[Caption-style text data]
◆ ◆ ◆

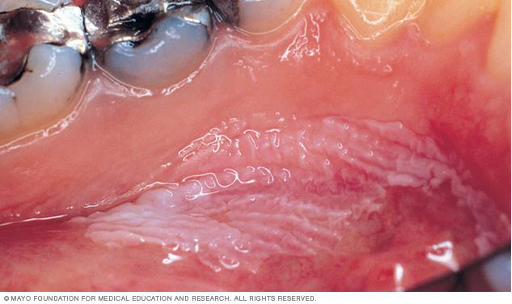 <p>CASE: A 1.8-cm heterogeneous oral lesion is clinically suspicious for premalignancy or malignancy. You do not want to remove the entire lesion before diagnosis. What biopsy type is indicated?</p>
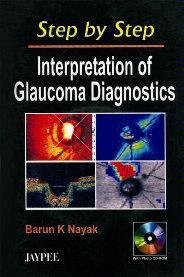 Step by Step Interpretation of Glaucoma Diagnostics with CD-ROM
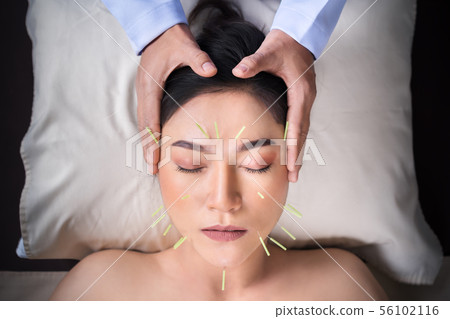 woman undergoing acupuncture treatment on face woman undergoing acupuncture treatment on face 56102116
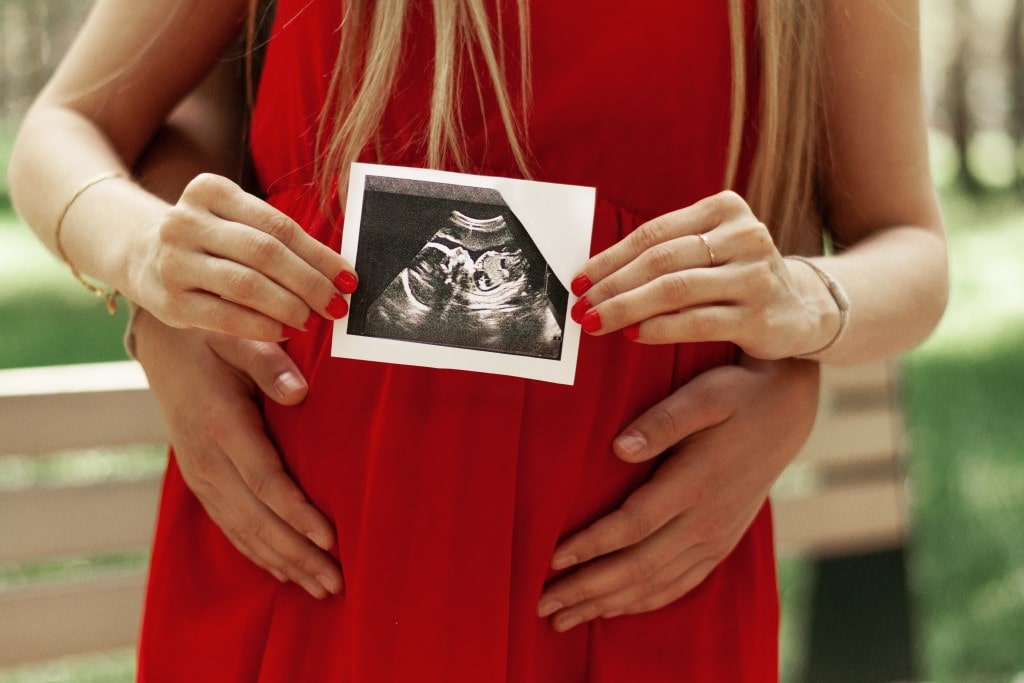 A happy married couple is holding in their hands a snapshot of an ultrasonic study of the baby. Husband hugs a beautiful adult pregnant wife. Second trimester.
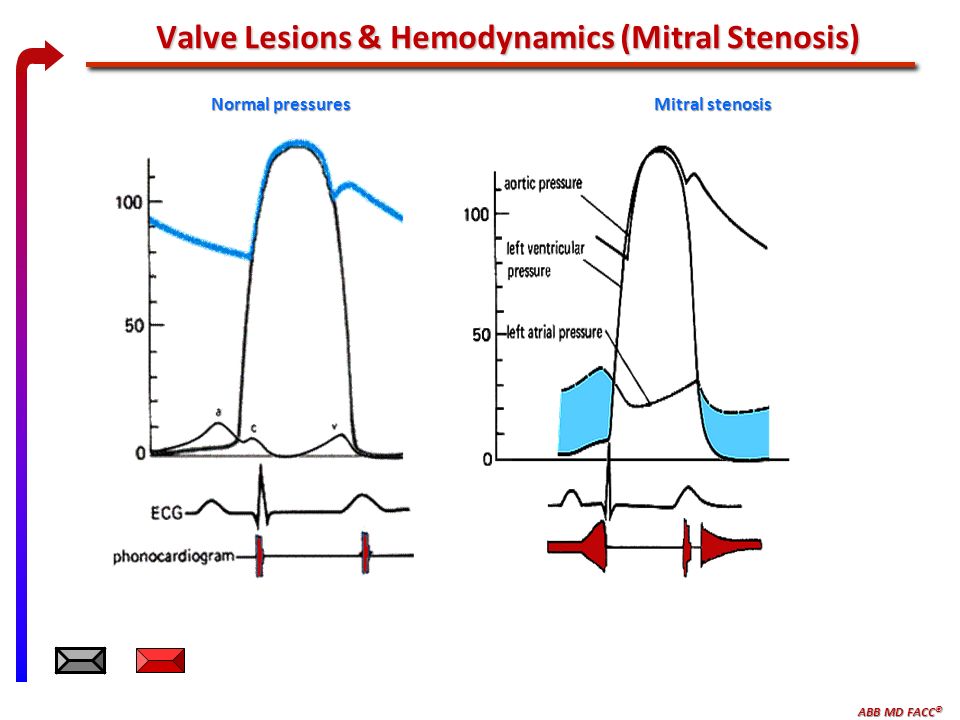 ABB MD FACC © Valve Lesions & Hemodynamics (Mitral Stenosis) Normal pressures Mitral stenosis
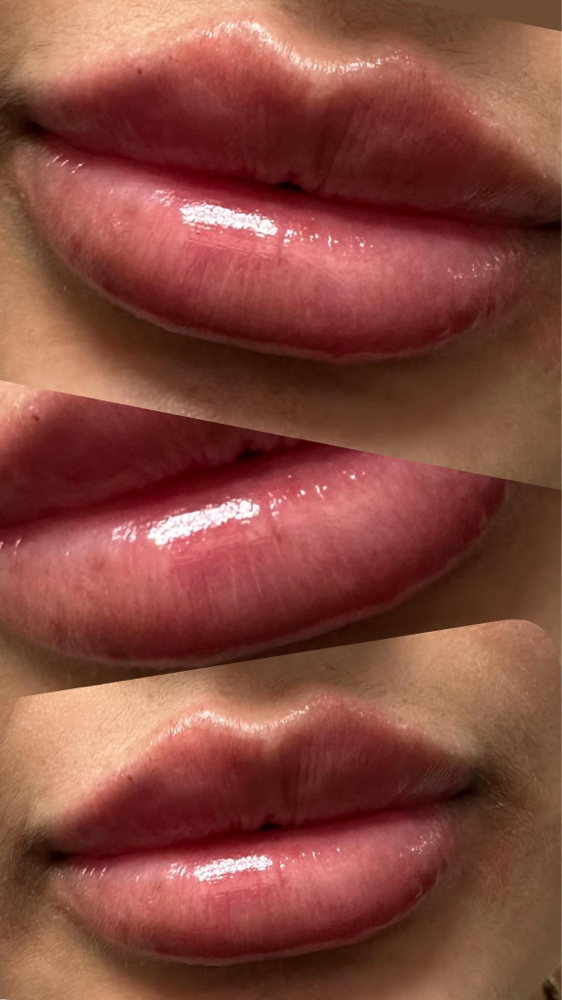 Lip Filler Injections (Restylane)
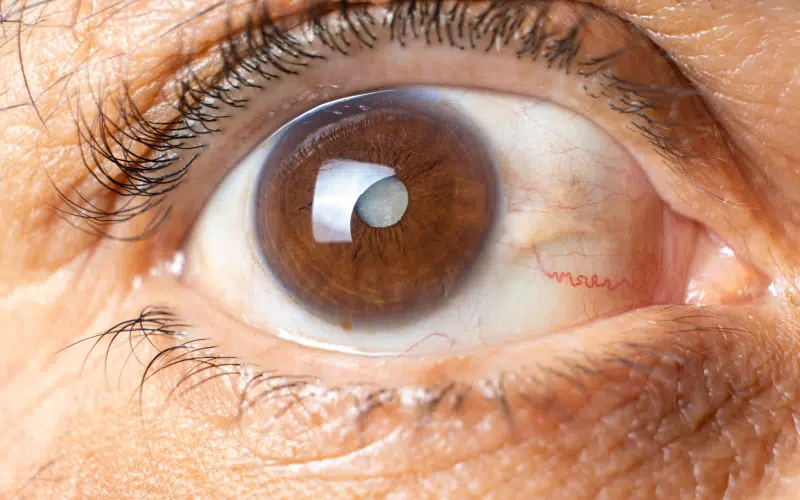 Cataracte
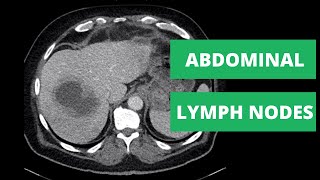 How to explore lymph nodes on ENT [upl. by Su]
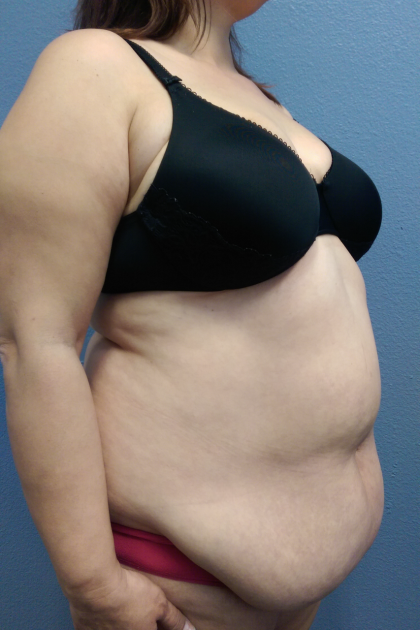 Abdominoplasty Before & After Patient #2102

◆ ◆ ◆

=== Activity ===
Could you set down the data exactly as given, minus its pictures?

=== Written solution ===
 <p>CASE: A 1.8-cm heterogeneous oral lesion is clinically suspicious for premalignancy or malignancy. You do not want to remove the entire lesion before diagnosis. What biopsy type is indicated?</p>
 Step by Step Interpretation of Glaucoma Diagnostics with CD-ROM
 woman undergoing acupuncture treatment on face woman undergoing acupuncture treatment on face 56102116
 A happy married couple is holding in their hands a snapshot of an ultrasonic study of the baby. Husband hugs a beautiful adult pregnant wife. Second trimester.
 ABB MD FACC © Valve Lesions & Hemodynamics (Mitral Stenosis) Normal pressures Mitral stenosis
 Lip Filler Injections (Restylane)
 Cataracte
 How to explore lymph nodes on ENT [upl. by Su]
 Abdominoplasty Before & After Patient #2102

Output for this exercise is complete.